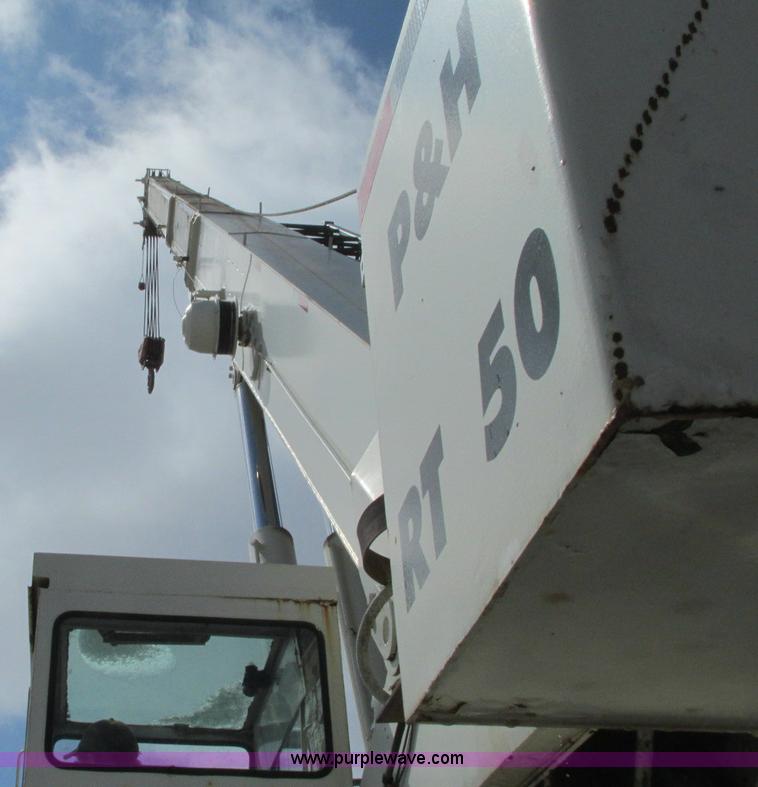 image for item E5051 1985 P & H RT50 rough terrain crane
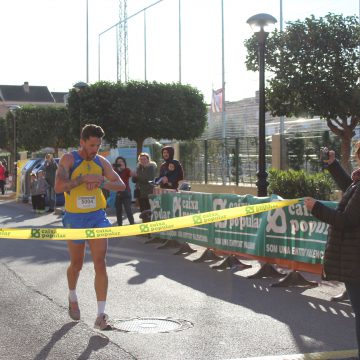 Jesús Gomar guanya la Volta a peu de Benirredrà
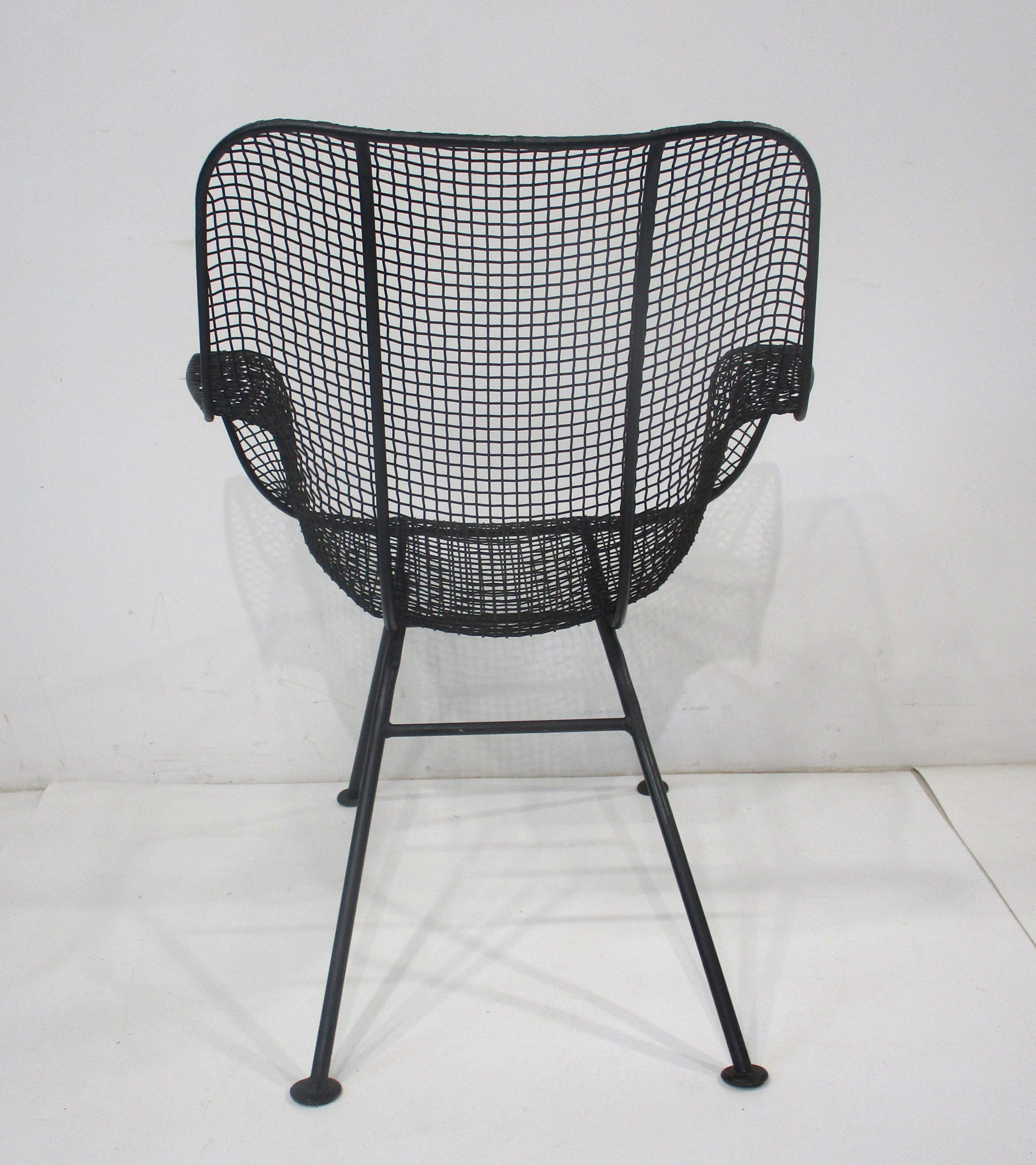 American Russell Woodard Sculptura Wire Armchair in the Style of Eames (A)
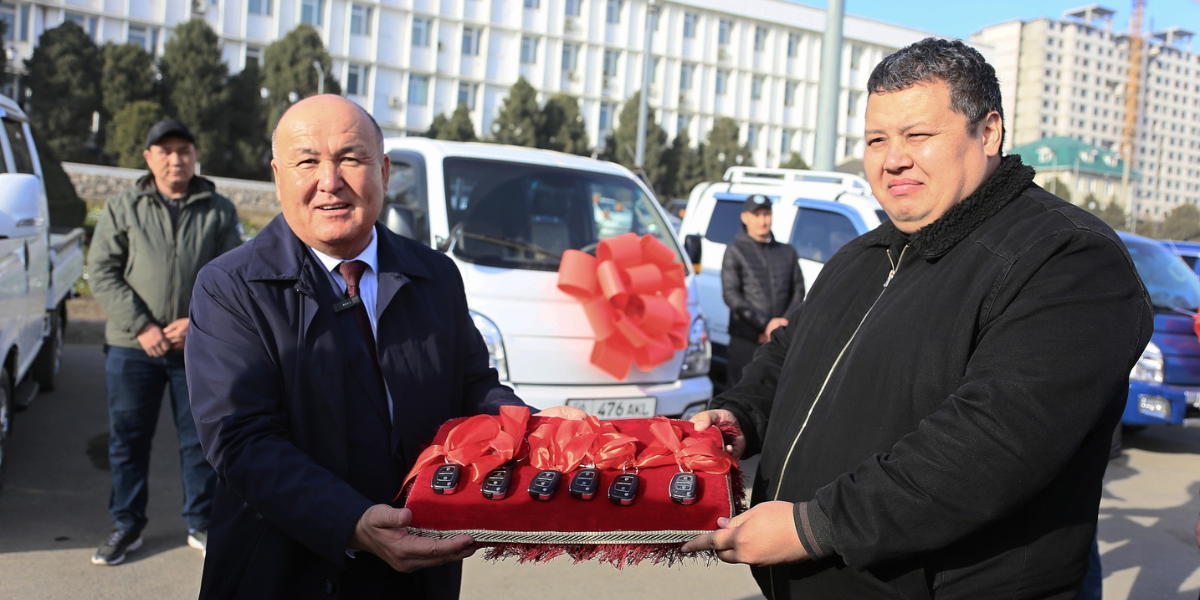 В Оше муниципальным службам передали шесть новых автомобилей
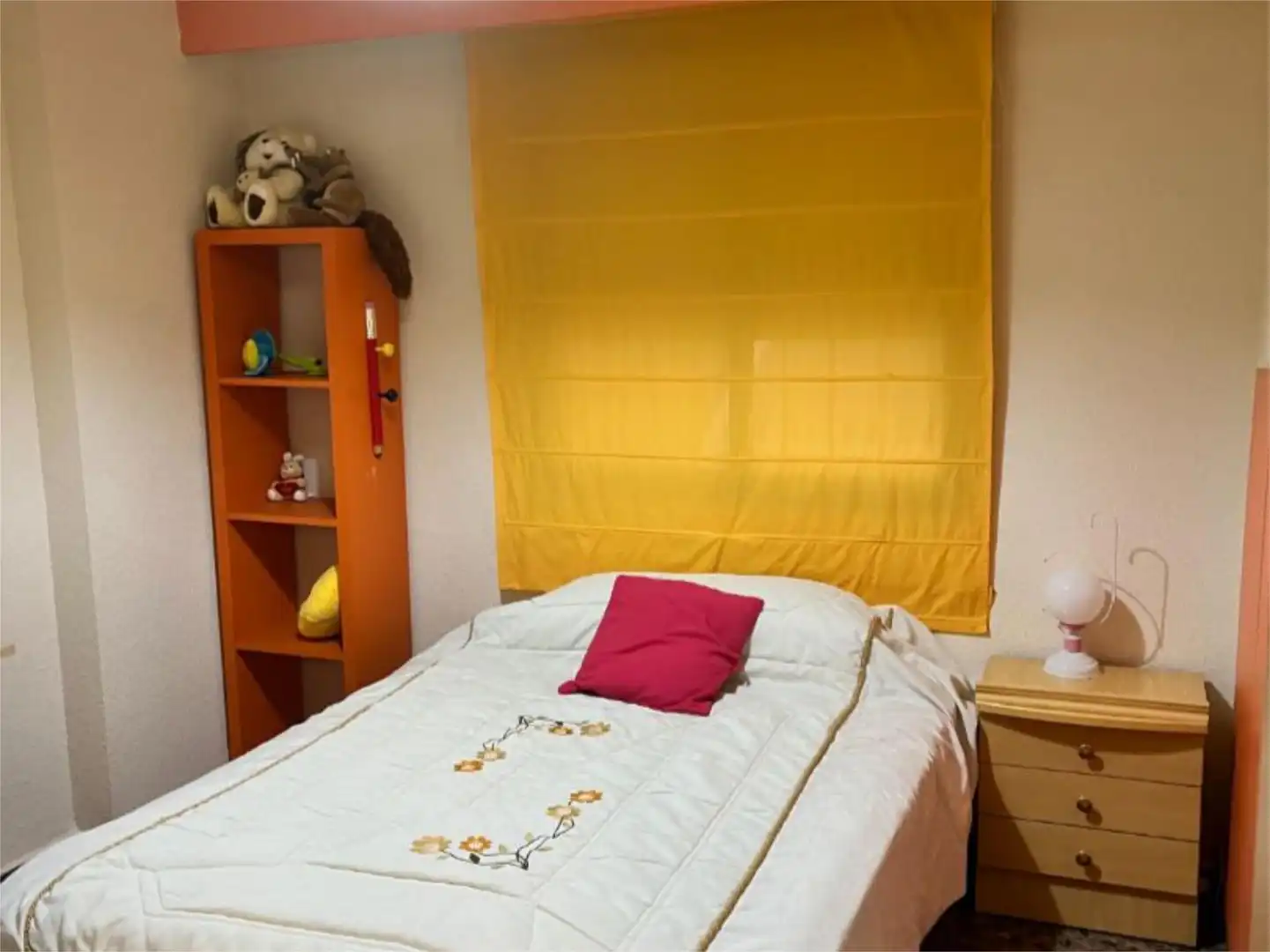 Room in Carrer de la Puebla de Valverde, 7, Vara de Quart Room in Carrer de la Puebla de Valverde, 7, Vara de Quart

#### [WHAT YOU WILL DO]
Your copy of the entries above must be exact and must not include pictures.

#### [RESPONSE AREA]
 image for item E5051 1985 P & H RT50 rough terrain crane
 Jesús Gomar guanya la Volta a peu de Benirredrà
 American Russell Woodard Sculptura Wire Armchair in the Style of Eames (A)
 В Оше муниципальным службам передали шесть новых автомобилей
 Room in Carrer de la Puebla de Valverde, 7, Vara de Quart Room in Carrer de la Puebla de Valverde, 7, Vara de Quart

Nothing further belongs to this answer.